■ Work instructions: With the pictures set aside, reproduce each entry precisely as it reads.

Collected data
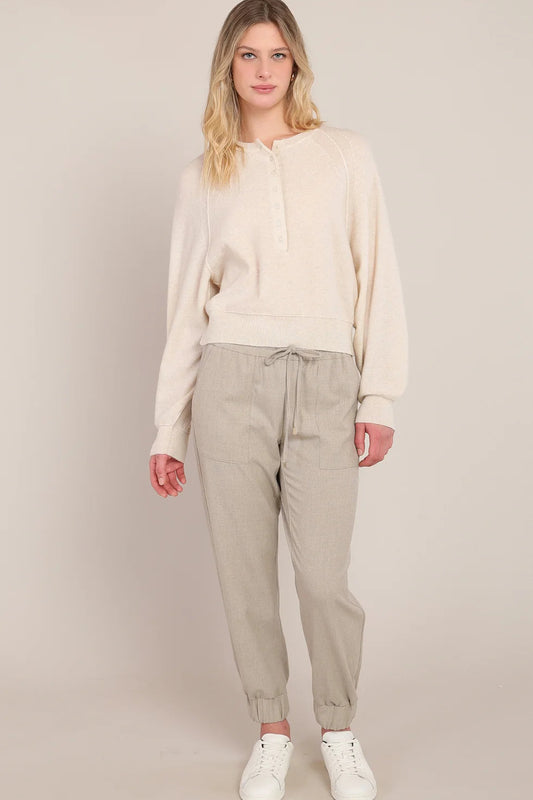 A woman modeling a cream-colored long-sleeve knit top and light beige drawstring trousers, paired with white sneakers, against a solid light beige studio background.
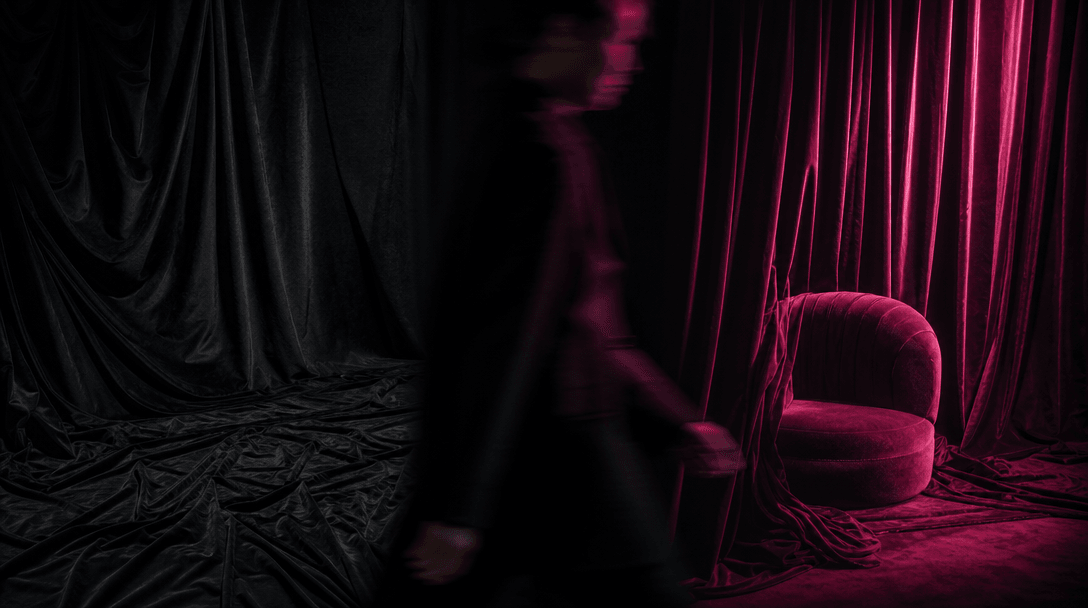 A blurred human silhouette sweeping laterally across a sharply lit fashion set, creating a natural dark wipe between two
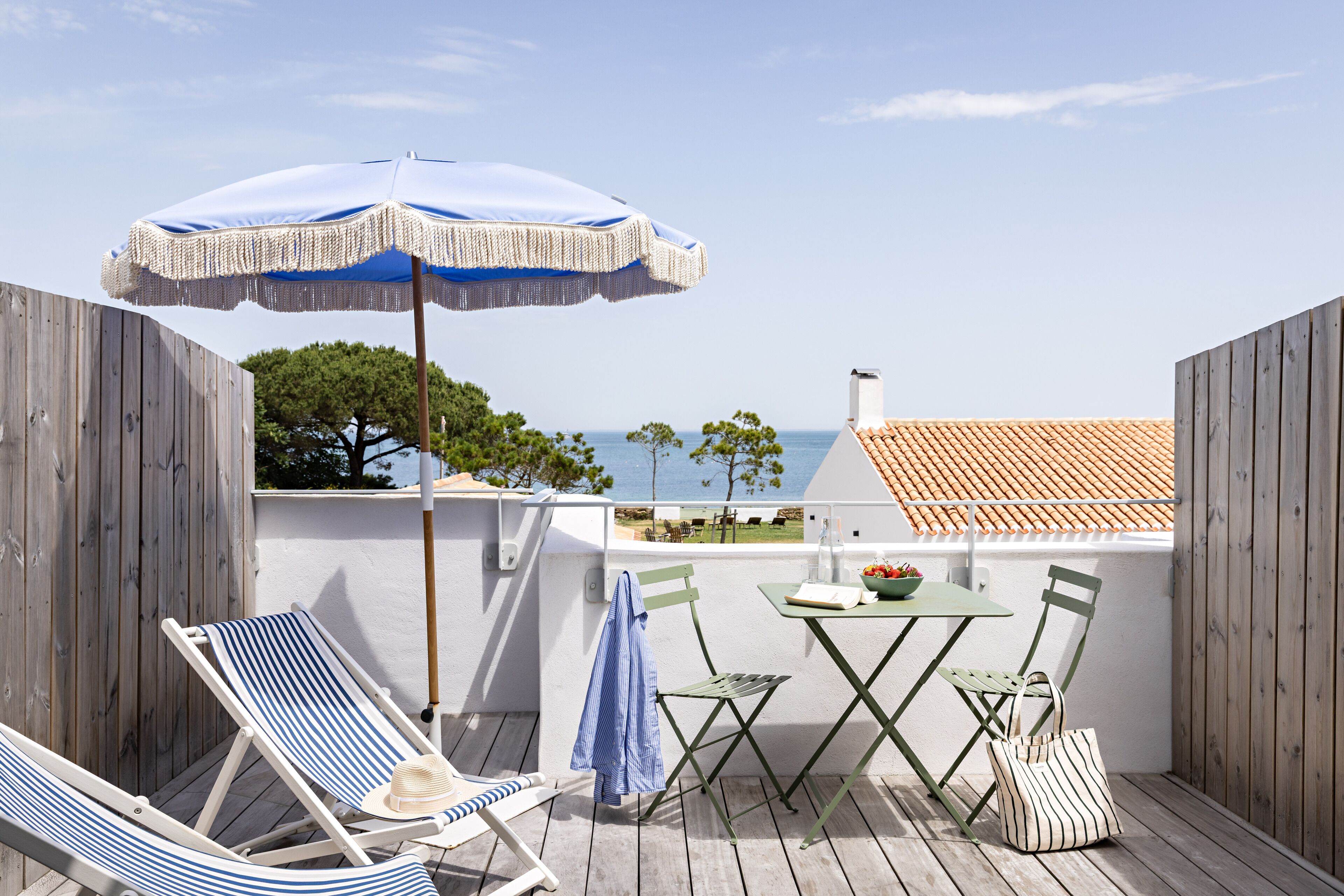 A wooden deck with a lounge chair, a table with chairs, and an umbrella.
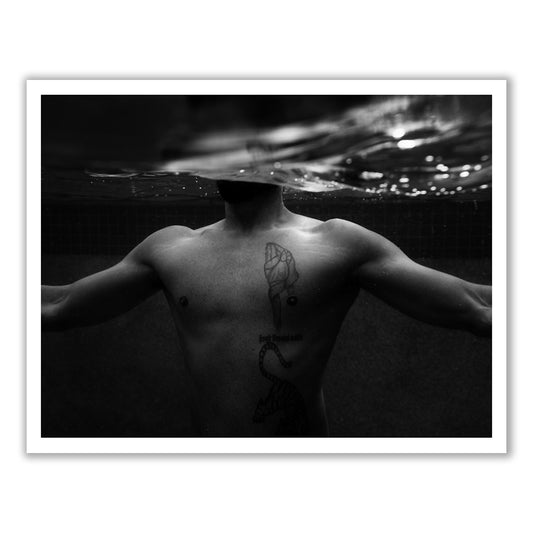 New Waters #1 by Francesca Owen features a black and white photograph of a shirtless person partially submerged in water with their arms spread outward. A snake tattoo decorates the left side of their chest, while the water's surface obscures their face. This striking image is printed on fine art paper and is available with worldwide shipping.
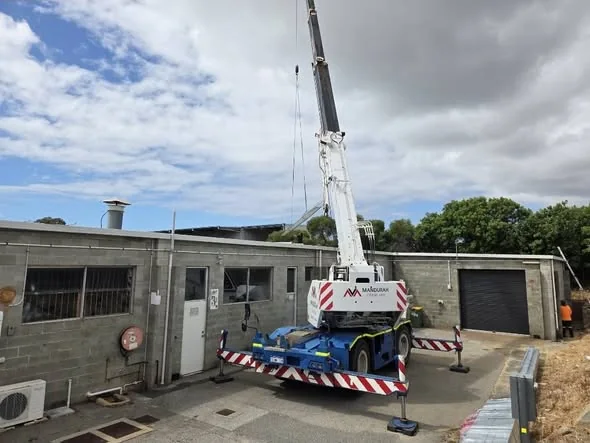 Crane lifting materials onto the roof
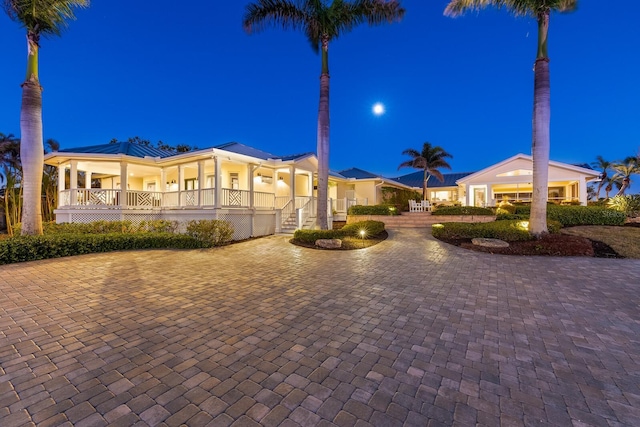 exterior space featuring curved driveway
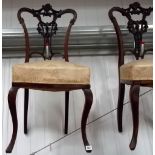 Set of six Edwardian mahogany salon chairs with foliate carved and scroll backs upon cabriole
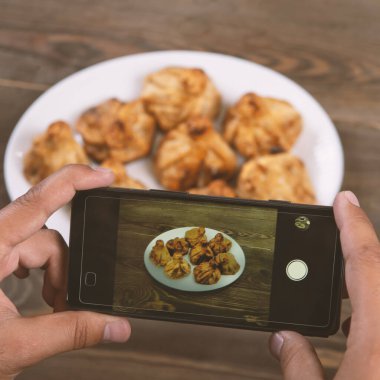Yemeklerin akıllı telefon fotoğrafı. İnsan elleri geleneksel doğu yemeklerini telefonla çekiyor. Öğle ya da akşam yemeği. Khinkali. Sosyal medya ve blog için. Üst görünüm cep telefonu.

■ Written response:
 A woman modeling a cream-colored long-sleeve knit top and light beige drawstring trousers, paired with white sneakers, against a solid light beige studio background.
 A blurred human silhouette sweeping laterally across a sharply lit fashion set, creating a natural dark wipe between two
 A wooden deck with a lounge chair, a table with chairs, and an umbrella.
 New Waters #1 by Francesca Owen features a black and white photograph of a shirtless person partially submerged in water with their arms spread outward. A snake tattoo decorates the left side of their chest, while the water's surface obscures their face. This striking image is printed on fine art paper and is available with worldwide shipping.
 Crane lifting materials onto the roof
 exterior space featuring curved driveway
 Set of six Edwardian mahogany salon chairs with foliate carved and scroll backs upon cabriole
Yemeklerin akıllı telefon fotoğrafı. İnsan elleri geleneksel doğu yemeklerini telefonla çekiyor. Öğle ya da akşam yemeği. Khinkali. Sosyal medya ve blog için. Üst görünüm cep telefonu.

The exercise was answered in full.